[SOURCE DATA]
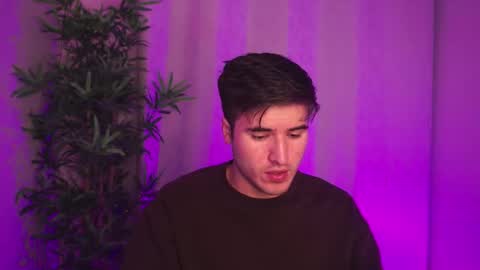 Snapshot of t0ny_wylie chatting on November 11, 9:20 am t0ny_wylie online show from November 11, 9:20 am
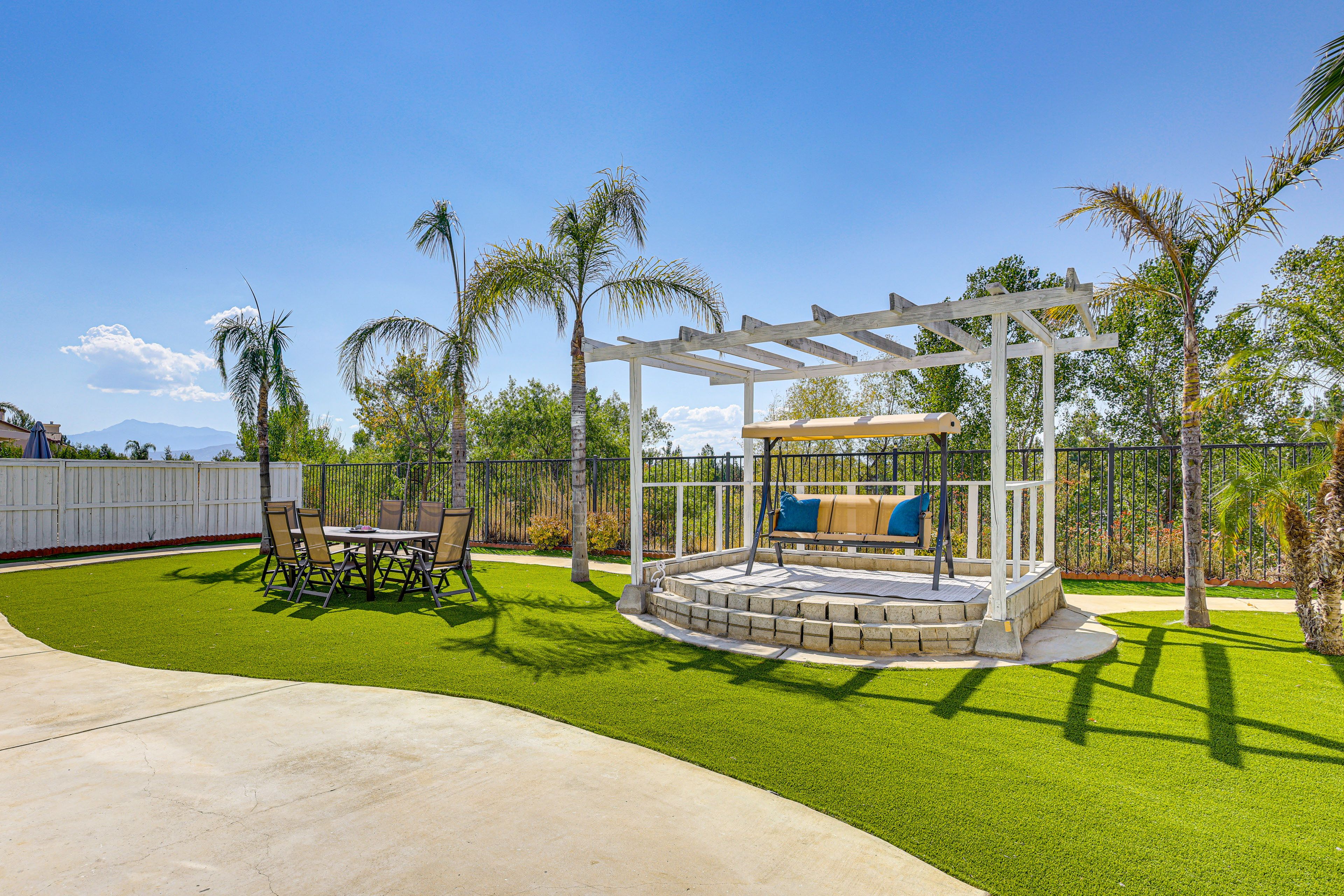 Private Yard | Mountain Views | Outdoor Dining Table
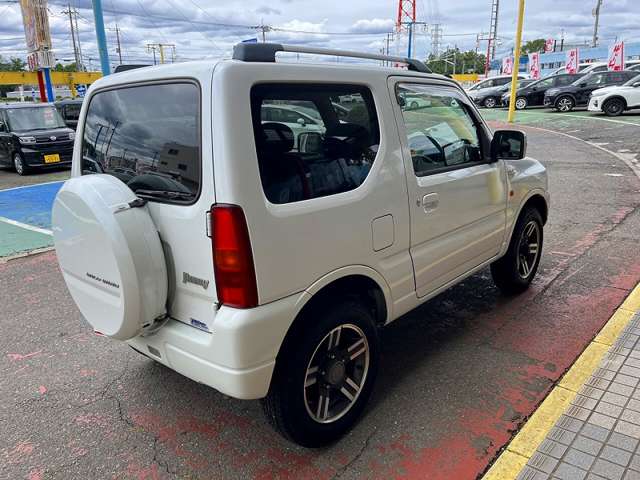 Suzuki Jimny 5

[PROBLEM TO WORK ON]
Your copy of the data should match it exactly, apart from the images, which are omitted.

[ANSWER TO THIS PROBLEM]
 Snapshot of t0ny_wylie chatting on November 11, 9:20 am t0ny_wylie online show from November 11, 9:20 am
 Private Yard | Mountain Views | Outdoor Dining Table
 Suzuki Jimny 5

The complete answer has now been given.